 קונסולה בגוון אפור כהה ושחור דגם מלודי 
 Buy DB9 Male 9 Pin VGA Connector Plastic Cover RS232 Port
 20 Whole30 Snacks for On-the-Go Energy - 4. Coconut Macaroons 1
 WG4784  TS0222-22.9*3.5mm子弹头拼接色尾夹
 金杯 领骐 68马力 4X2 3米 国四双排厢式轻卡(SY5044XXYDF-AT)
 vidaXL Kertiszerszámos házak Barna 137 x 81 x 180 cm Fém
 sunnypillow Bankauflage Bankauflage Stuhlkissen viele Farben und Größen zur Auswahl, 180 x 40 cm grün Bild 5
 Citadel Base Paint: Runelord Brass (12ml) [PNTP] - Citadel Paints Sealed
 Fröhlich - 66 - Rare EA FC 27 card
# # # # # # #
All lines from the one holding "20 Whole30 Snacks" through the end of the entries need to be given again exactly. Leave out the others.

 20 Whole30 Snacks for On-the-Go Energy - 4. Coconut Macaroons 1
 WG4784  TS0222-22.9*3.5mm子弹头拼接色尾夹
 金杯 领骐 68马力 4X2 3米 国四双排厢式轻卡(SY5044XXYDF-AT)
 vidaXL Kertiszerszámos házak Barna 137 x 81 x 180 cm Fém
 sunnypillow Bankauflage Bankauflage Stuhlkissen viele Farben und Größen zur Auswahl, 180 x 40 cm grün Bild 5
 Citadel Base Paint: Runelord Brass (12ml) [PNTP] - Citadel Paints Sealed
 Fröhlich - 66 - Rare EA FC 27 card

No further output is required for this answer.